Training Machine Learning models at the Edge: A Survey
- URL: http://arxiv.org/abs/2403.02619v3
- Date: Fri, 11 Oct 2024 03:11:36 GMT
- Title: Training Machine Learning models at the Edge: A Survey
- Authors: Aymen Rayane Khouas, Mohamed Reda Bouadjenek, Hakim Hacid, Sunil Aryal,
- Abstract summary: This survey explores the concept of edge learning, specifically the optimization of Machine Learning model training at the edge.
relevant literature on edge learning was identified, revealing a concentration of research efforts in distributed learning methods.
This survey further provides a guideline for comparing techniques used to optimize ML for edge learning, along with an exploration of the different frameworks, libraries, and simulation tools available.
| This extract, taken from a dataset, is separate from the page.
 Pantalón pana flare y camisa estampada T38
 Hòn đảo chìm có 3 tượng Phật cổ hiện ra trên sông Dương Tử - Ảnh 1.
- Score: 2.8449839307925955
- License:
- Abstract: Edge computing has gained significant traction in recent years, promising enhanced efficiency by integrating artificial intelligence capabilities at the edge. While the focus has primarily been on the deployment and inference of Machine Learning (ML) models at the edge, the training aspect remains less explored. This survey, explores the concept of edge learning, specifically the optimization of ML model training at the edge. The objective is to comprehensively explore diverse approaches and methodologies in edge learning, synthesize existing knowledge, identify challenges, and highlight future trends. Utilizing Scopus and Web of science advanced search, relevant literature on edge learning was identified, revealing a concentration of research efforts in distributed learning methods, particularly federated learning. This survey further provides a guideline for comparing techniques used to optimize ML for edge learning, along with an exploration of the different frameworks, libraries, and simulation tools available. In doing so, the paper contributes to a holistic understanding of the current landscape and future directions in the intersection of edge computing and machine learning, paving the way for informed comparisons between optimization methods and techniques designed for training on the edge.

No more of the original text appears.